Multimedia senior vice president Joe Inzerillo says the league is also seeing increased adoption of MLB.tv’s “season pass,” which allows people to watch entire games online and costs $120 per year. MLB.com’s website, meanwhile, is being accessed more from mobile devices, such as phones and tablets, than from desktop PCs and laptops. (This chart shows traffic to MLB.com — notice the spike in wireless access.) “The way it’s looking for four years from now,” posits Inzerillo, “is you have one connected device, just one thing, in your living room, and that’s how you watch all of your online video content. Then you also still have a PC in the corner that you blow the dust off of when you want to write a letter.”
MLB.com has been adding features to the At Bat app at a breakneck clip. One example: users can now “check into” a game, once they’re physically near the stadium, and receive offers that might range from a seat upgrade to a 10% discount at the shop. They can also see aggregated tweets from others that are at the game. At three ballparks, the app even lets users order food and skip the line when they go to pick it up.

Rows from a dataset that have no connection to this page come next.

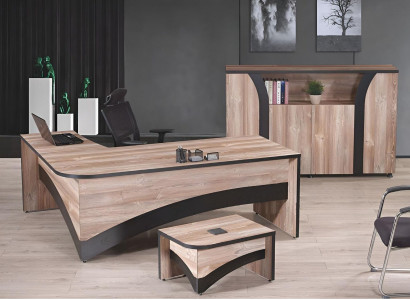 Office furniture Complete Office Corner Office table Office Office desk 3-piece Wood Brown
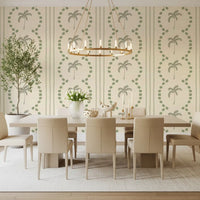 Wavy dotted lines perfectly accentuating this deco wallpaper motif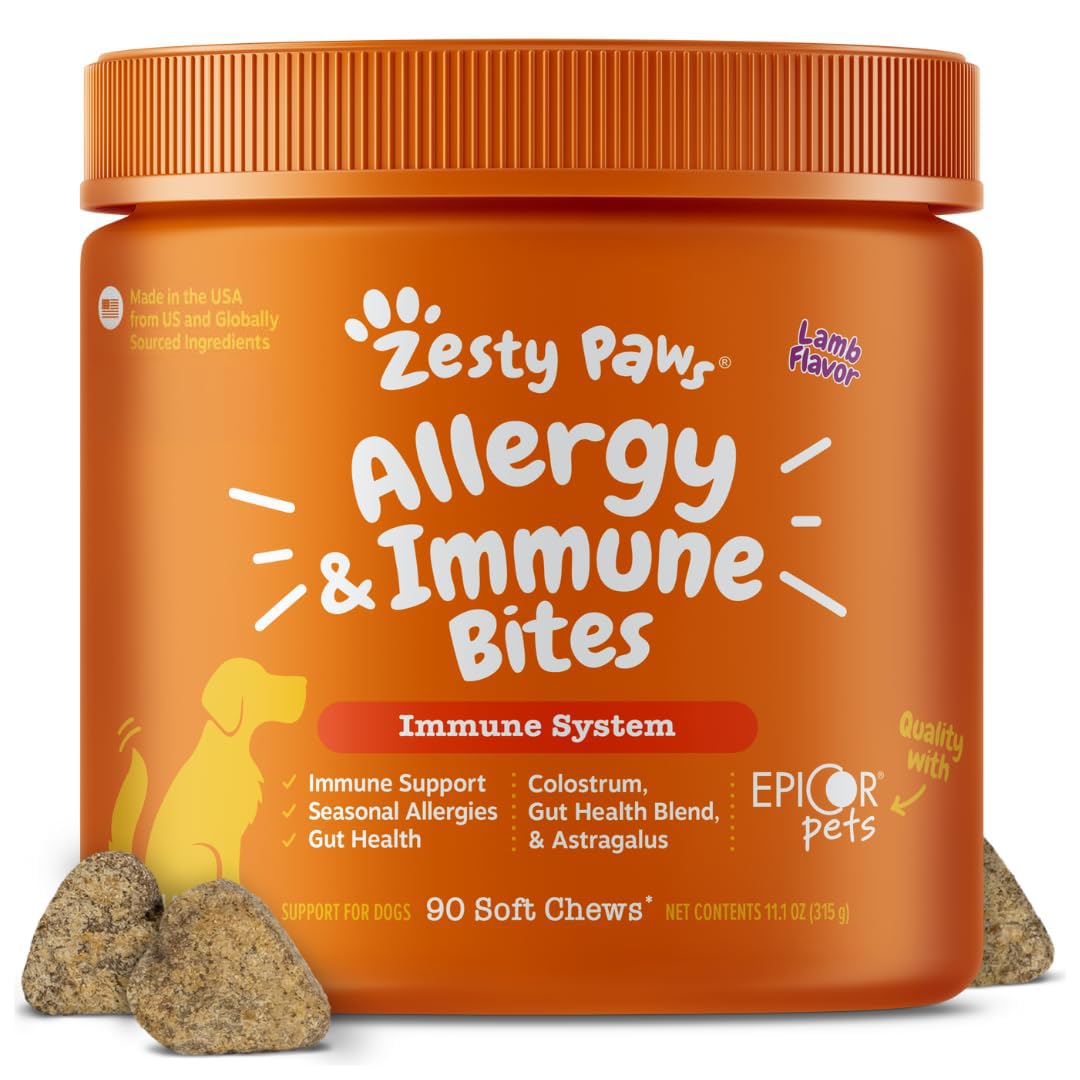 Zesty Paws Dog Allergy Relief- Dog Itching Skin Relief- Dog Probiotics for Itchy Skin and Itchy Ears- Dog Allergy Paw Relief- Dog Allergy Chews- Dog Itch Relief - Dog Skin Allergy Relief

The question now is, how can MLB.com build on its success without making its products bloated or confusing? Communications vice president Matthew Gould says, “We push this technology to fans and let them use it as they wish, or not. We think it will enhance the experience, but we don’t make it an intrusive thing.”
Still, the company has to decide how to market and merchandise new features. “The question is always what will we do with the app marketing-wise,” Bowman says. Right now, at $14.99, it’s what he calls a “one-size-fits-all” package. He wants to add some premium options to the app, but seems to be at a loss, wondering, “How do you build on a soft good? Honestly, who do you even look for to tell you how to do that?” Answering those questions will be crucial to continued growth. The standard practice would be to create a handful of new features and offer them at an extra fee on top of the basic app, but Bowman is hesitant to do that.
One change that Bowman says is likely to come soon: a monthly subscription. “We probably won’t charge in the off-season at all,” he says, because “we don’t want to annoy our customers.” Currently, the app price goes down to 99 cents in the off-season, and returns to the full-season price when spring training starts. With a monthly subscription system, fans would have to re-up each month, but would have the luxury of skipping it for a while if their team is already out of the running, for example.
Ultimately, it is that steady stream of new ideas and new features that has most helped distinguish MLB.com. Whichever changes the company decides to make, it will be tinkering with a winning formula. Then again, any misstep might mean having that much more to lose.